Kyu-hyun tersenyum licik. “Aku baru tahu kau seagresif ini dengan wanita,” komentarnya.
Ki-bum mengamati Seo-min yang masuk ke vila sebelum menatap Dong-hae. “Sepertinya Nona Kang malu sekali.”
“kalian ini pengganggu, tahu!?” gerutu Dong-hae.
“Tenang, tenang, yang tadi itu Dong-hae dan Seo-min hanya sedang latihan untuk adegan berikutnya,” kata Bong-soo santai dari kursi sutradaranya. “Sudahlah, kita sudah terlalu lama membuang waktu. Ayo mulai lagi!” perintahnya.

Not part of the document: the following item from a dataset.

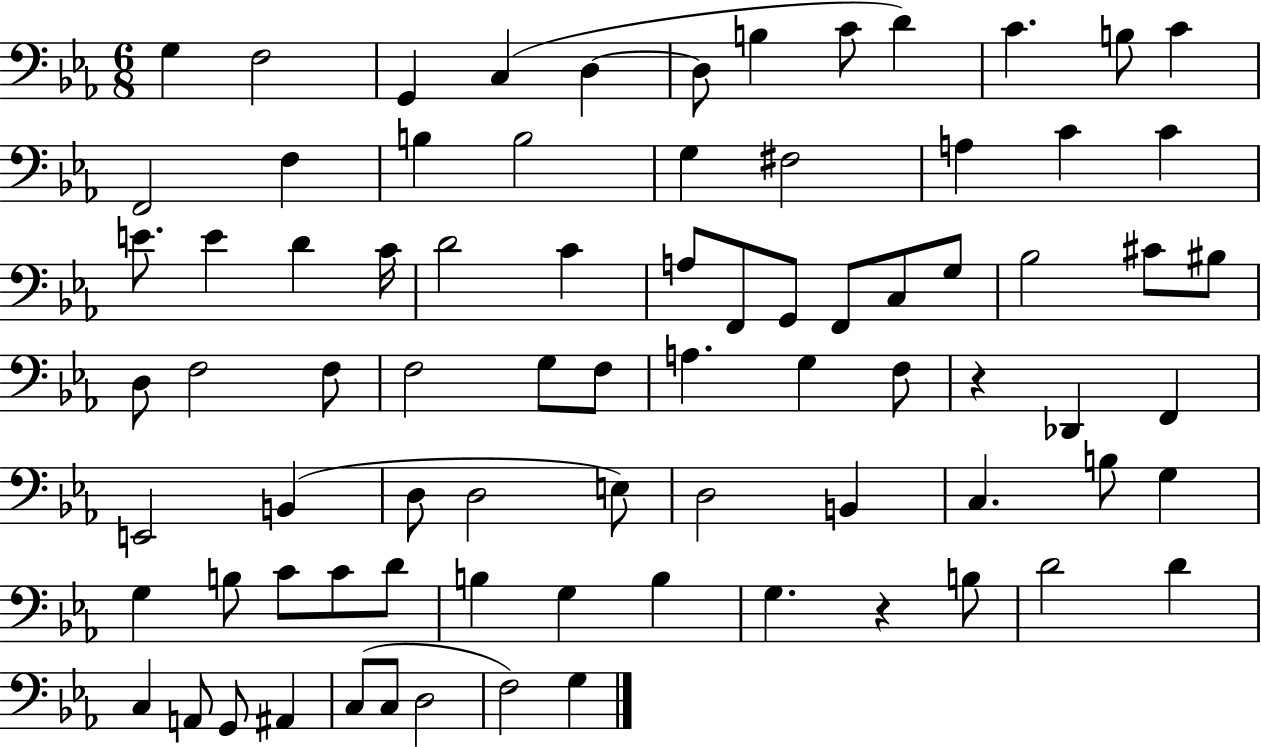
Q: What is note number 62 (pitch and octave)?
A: D4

“Oh, hanya latihan…” gumam Sung-min. “kupikir…”
Kyu-hyun menyikut pinggang Sung-min. “Eh, semalam berduaan dengan Nona Kang Seo-min, apa terjadi sesuatu? Apa mungkin seperti adegan di film-film? Kehujanan, tersesat, masuk ke sebuah pondok tak berpenghuni, lalu terjadilah perbuatan maksiat— Aww!“ Kyu-hyun terhenti dari khayalan gilanya dan berteriak karena kedua kakaknya, Sung-min dan Dong-hae bersama-sama memukul kepalanya.
Jelas sekali kepuasan di wajah Sung-min yang akhirnya berhasil menganiaya Kyu-hyun setelah sebelumnya berkali-kali gagal. “Kau kebanyakan menonton koleksi film biru Eun-hyuk, ha? kau pikir aku pria macam apa!?” omelnya,
Sementara itu Dong-hae memasang wajah cemberut pada Kyu-hyun. “Jangan bicara yang tidak-tidak seperti itu tentang dia!” katanya memperingatkan.
“Aish… dasar pemarah,” gerutunya. “Aku kan hanya bercanda.”
“Cari lelucon lain yang lucu,” saran Ki-bum tenang sambil menarik kemeja yang dikenakan Kyu-hyun untuk membawa pemuda itu menyingkir bersamanya menunggu giliran shooting.
Ketiganya duduk di belakang sang sutradara, menonton proses shooting Dong-hae. Sosok Hea-in yang duduk tegang di bawah tenda yang tak jauh dari tempatnya duduk, menarik perhatian Kyu-hyun. Dia pasti kesal melihat kak Dong-hae dan Kang Seo-min tadi, pikirnya, mengamati wajah masam Hea-in dan mulutnya yang terkatup rapat.
Ia sudah berdiri dan berniat untuk menghampiri wanita itu ketika melihat sosok Hyun-in bersandar di mobil ayahnya dengan wajah sedih dan tengah meremas saputangan yang dipegangnya. Entah kenapa, saat ini dorongan untuk mengganggu gadis itu lebih kuat dibandingkan dorongan untuk merayu Hea-in.
Kyu-hyun ikut bersandar di mobil Tuan Kang, sembari melirik Hyun-in yang menundukkan kepalanya menatap tanah. Terlihat begitu menyedihkan. Juga lucu, batin Kyu-hyun sambil menyeringai.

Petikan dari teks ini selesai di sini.